I pulled up a list of veterans in 0 – 200 poverty from the population table. I joined that table with the housing table using the serial no as key.

There are multiple serial nos that are duplicates as there can be more than one veteran per household. So I choose only the non-duplicated serial nos. Then I add up the housing weights for each serial no for the housing record, grouped by the NP field (number of persons in unit).

Does it sound right? Or am I off in my weight calculation, or would that be number of household for each household size for those with veterans in 0-200 poverty?



  • Hi Julie,

    In PUMS, there's a population file and a housing units file.
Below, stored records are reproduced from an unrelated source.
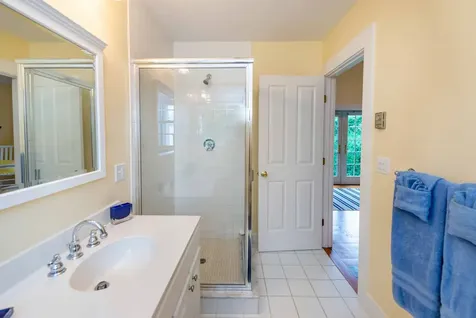 37 Morse Street Edgartown MA 02539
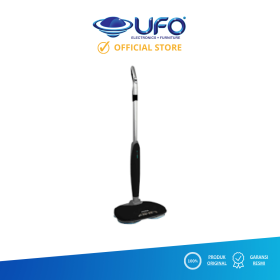 Ufoelektronika MODENA SM3201L VACUM CLEANER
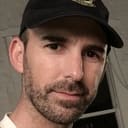 Matthew Frost, Story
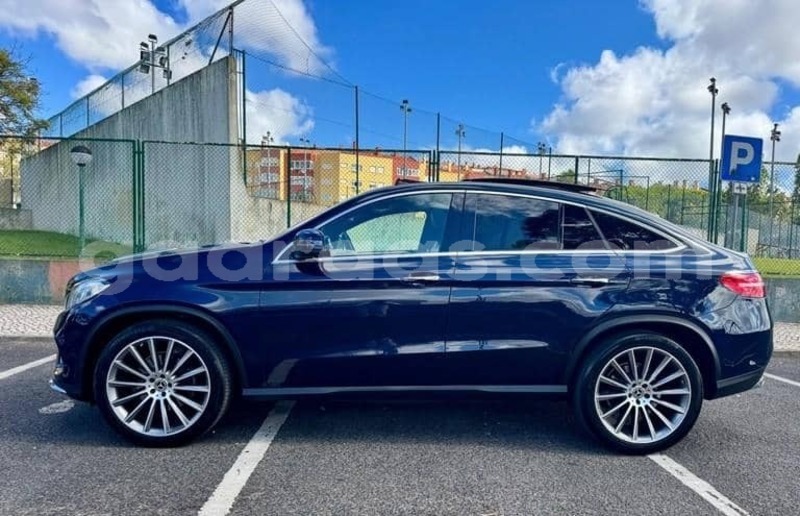 Big with watermark mercedes benz amg gle coupe dakar dakar 34203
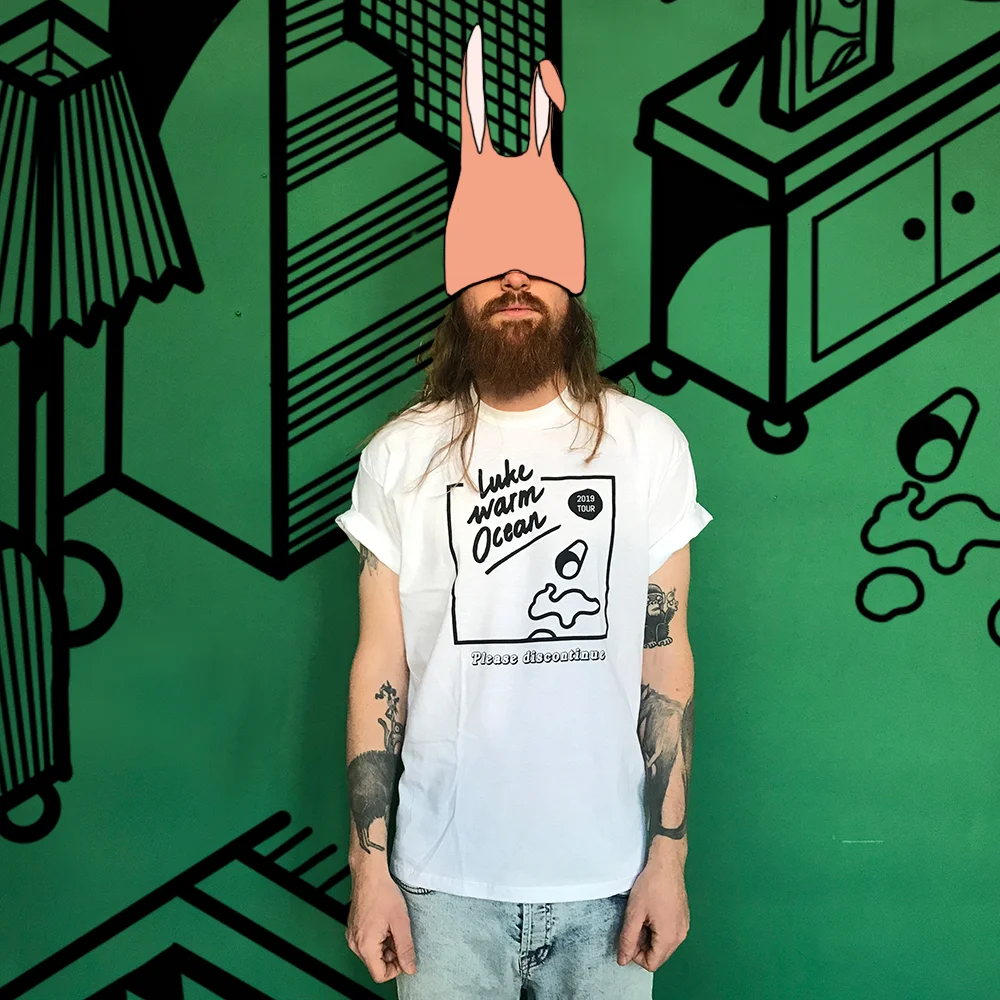 LO_Shirt_01.jpg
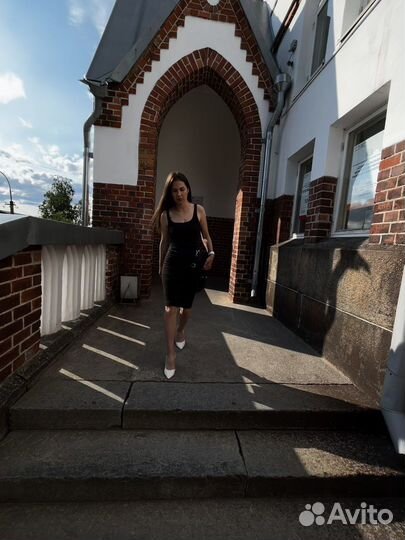 Smm специалист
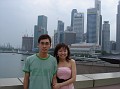 JSing06.jpg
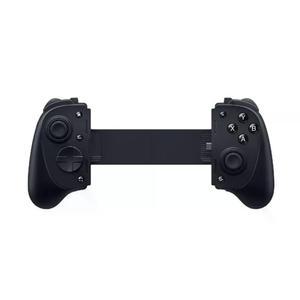 Razer Kishi 울트라 게임패드 USB-C 컨트롤러 202 레이저 키시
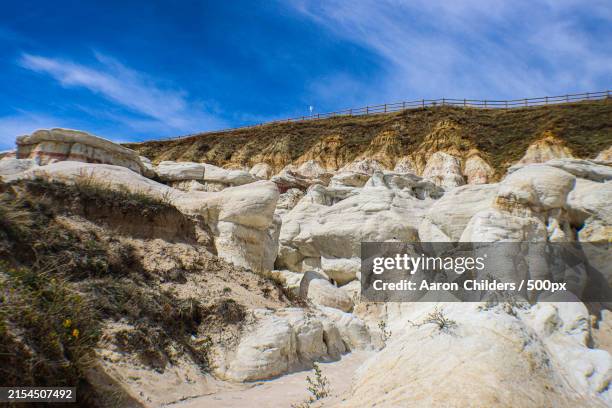 Calahn Colorado Rocks 101 Calhan Colorado Stock Photos, High-Res Pictures, and Images - Getty ...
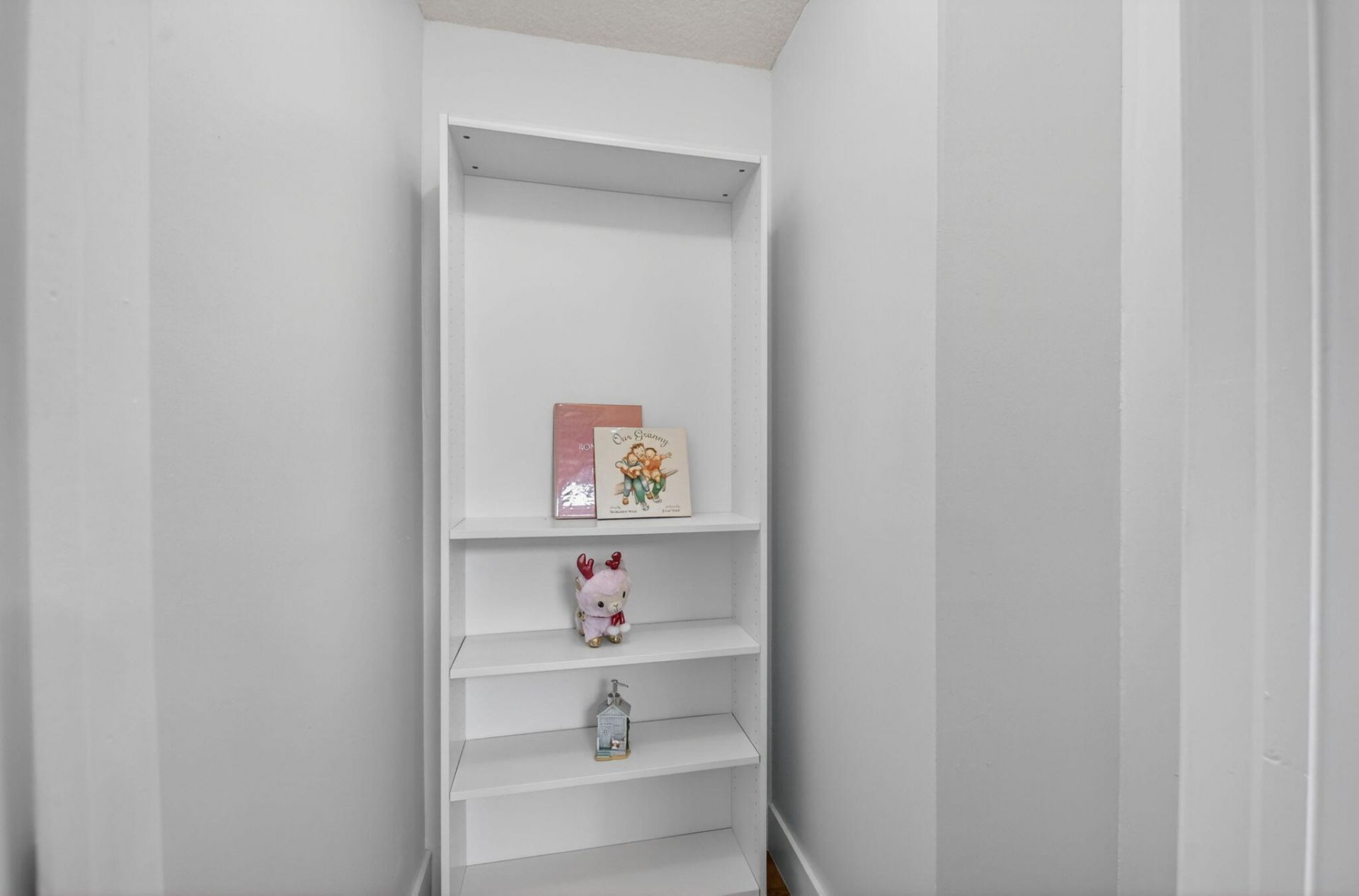 2227 Vernon Street, Lake Worth Beach, FL 33460 Photo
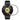 WSP0460W.jpg@d4126841d0acabd59626cbf8eb1bd93f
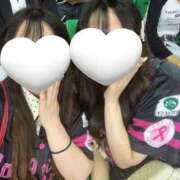 ヒメ日記 2025/07/16 12:52 投稿 りいな アイドルチェッキーナ本店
Housing units refer to the actual structure of the house/dwelling, which is why all the variables in the housing units file are all about the building itself (how many rooms, year built, questions about plumbing, etc.). Household information would actually be in the population file (so use person weights), with the variable "relp" or "hht". (see PUMS Data Dictionary here: www.census.gov/.../documentation.html). Relp = relationship, hht = household/family type.

    Using the housing unit serialno, and the relp variable, you can get at household characteristics (sounds like you're interested in subsetting to those for whom vps is not equal to bb, and povpip is between 0 and 200). FYI, the "reference person" in the relp variable is just the person who filled out the survey.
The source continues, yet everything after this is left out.